Les facultés de théologie de Genève et Lausanne ne collaboreront pas avec la HET-pro
Vous avez déclaré disposer désormais de suffisamment d’éléments permettant d’affirmer que, d’entente avec la Faculté de Genève, vous ne collaboreriez pas avec la HET-pro. Quels sont ces éléments?
Les facultés de Lausanne et de Genève ont pris connaissance des documents communiqués sur le site internet de la nouvelle école et des propos tenus dans les médias depuis plusieurs années par ses responsables et principaux soutiens. Il nous apparaît clair que les collaborations institutionnelles ne sont pas envisageables. En effet, notre projet de formation commun aux facultés de Lausanne et de Genève repose sur une connaissance des religions et du christianisme qui sait faire place au sens critique afin de donner aux étudiants les moyens de conquérir leur propre liberté de pensée et d’agir. Nous ne voulons pas enfermer les étudiants dans une lecture unique et décontextualisée.
Nous sommes aussi promoteurs de l’accueil des étudiants sans aucune discrimination de quelque nature que ce soit. En outre, les étudiants du courant évangélique sont toujours les bienvenus dans nos facultés et il n’en manque pas! Pleine diversité, ouverture: autant d’éléments qui ne sont pas négociables pour nous.
Pensez-vous que ces éléments (site web et interviews) soient suffisants pour prendre une décision?
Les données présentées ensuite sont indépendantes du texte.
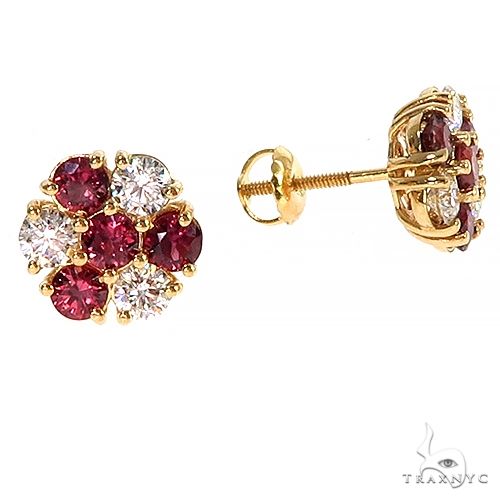 Large Candy Cane Sapphire Diamond Earrings 66975 - Image 2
Ne faudrait-il pas attendre d’avoir des éléments concrets concernant l’enseignement dispensé par la HET-pro?
Le site internet en question est institutionnel et donc contrôlé. Les interviews ont eu lieu dans des journaux sérieux. Certes, l’enseignement débute cette année, mais très peu d’enseignants (3 sur 12) possèdent un doctorat en théologie ou discipline connexe, ce qui est un attendu minimum pour prétendre donner un enseignement universitaire.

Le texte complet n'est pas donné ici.